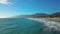 Amazing sunny day. Aerial drone view drone is flying over beach upward waves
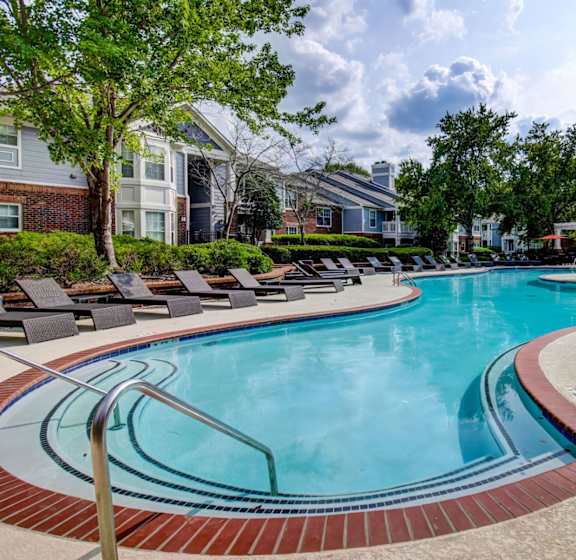 A swimming pool surrounded by a brick border and lounge chairs.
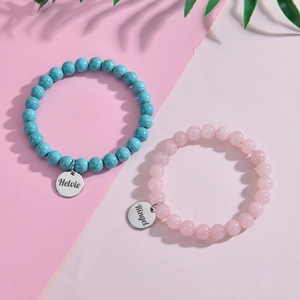 Detail of personalized natural stone bracelets with engraved stainless steel charms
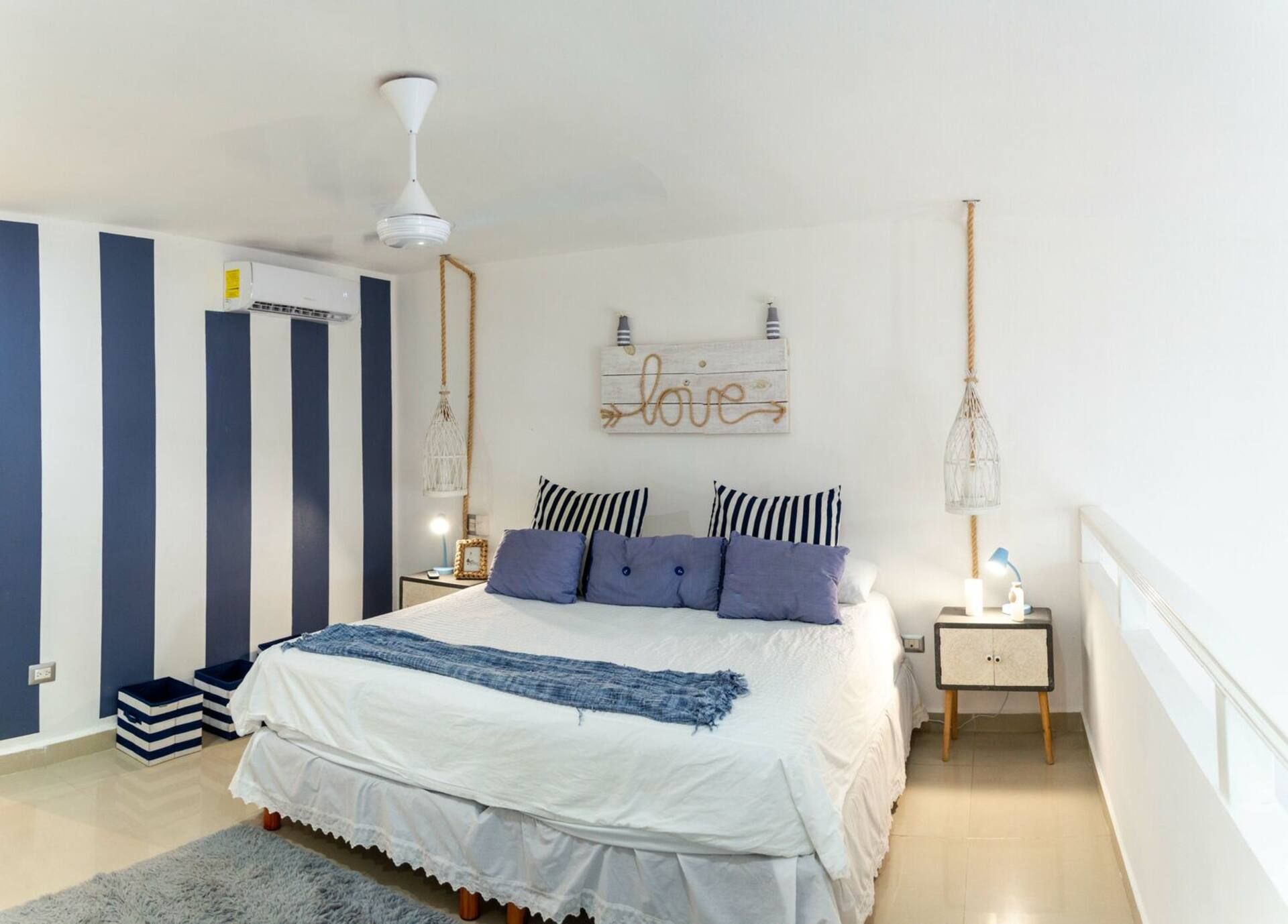 Een slaapkamer met een bed, nachtkastjes, een hanglamp, een bord aan de muur en een plafondventilator.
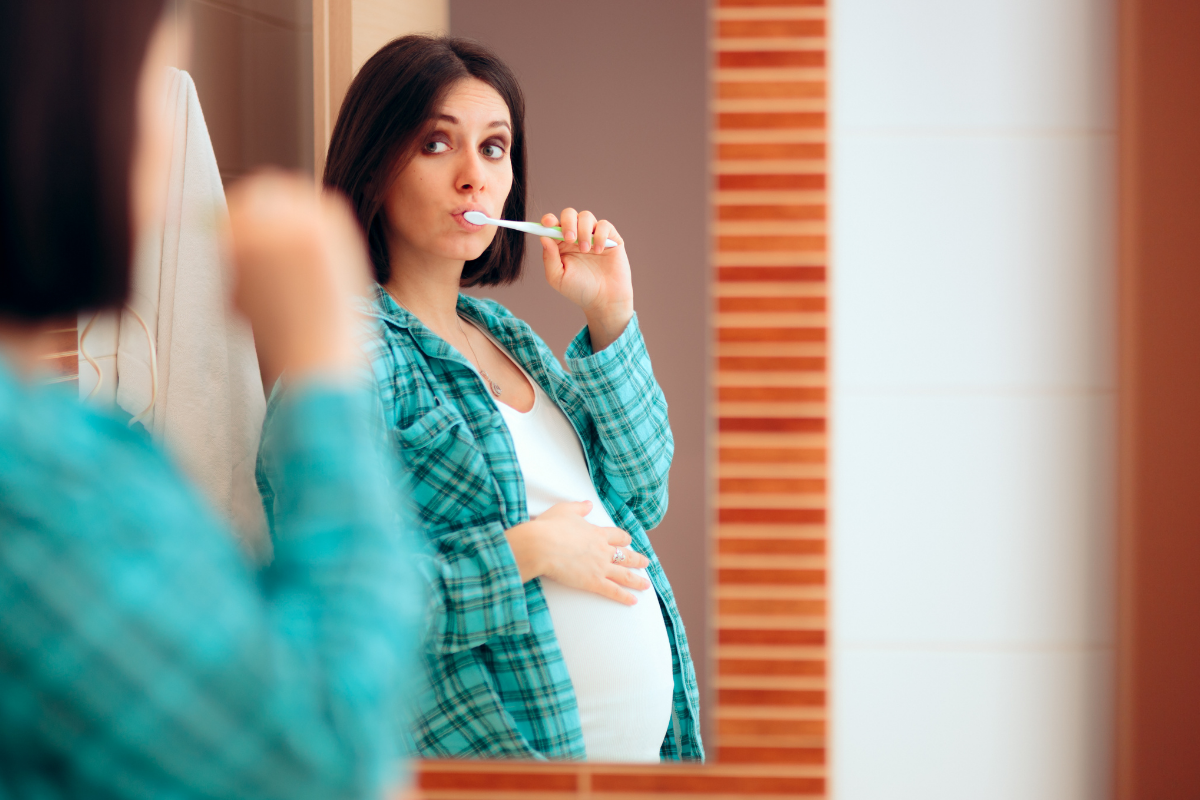 pregnant woman brushes her teeth in the mirror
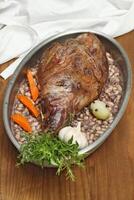 step by step guide to Gigot d'agneau, a classic dish of French cuisine, leg of lamb with pink garlic, rosemary, port wine and olive oil photo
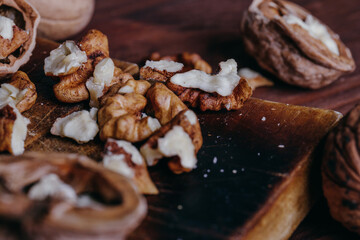 Walnut kernels and whole walnuts on rustic old wooden table.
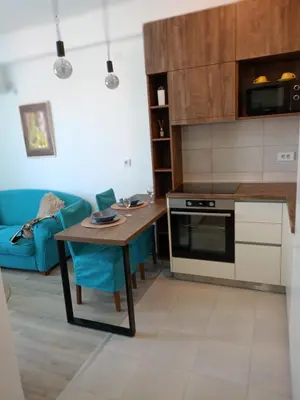 a kitchen with a table and a blue couch at Jagodina Apartman Nastasija- gleda na Aqva park in Jagodina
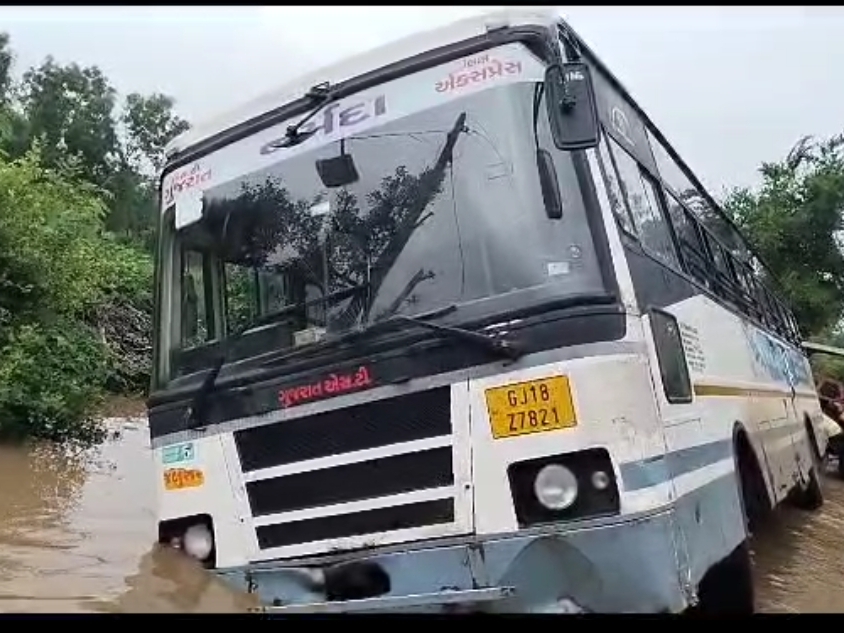 ST bus stuck in rain water between Vedach and Uber in Jambusar, bus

Work instructions: The response should be the lines from the one containing "Detail of personalized" through the final line of the records, reproduced exactly and with every picture left out.

Output:
 Detail of personalized natural stone bracelets with engraved stainless steel charms
 Een slaapkamer met een bed, nachtkastjes, een hanglamp, een bord aan de muur en een plafondventilator.
 pregnant woman brushes her teeth in the mirror
 step by step guide to Gigot d'agneau, a classic dish of French cuisine, leg of lamb with pink garlic, rosemary, port wine and olive oil photo
 Walnut kernels and whole walnuts on rustic old wooden table.
 a kitchen with a table and a blue couch at Jagodina Apartman Nastasija- gleda na Aqva park in Jagodina
 ST bus stuck in rain water between Vedach and Uber in Jambusar, bus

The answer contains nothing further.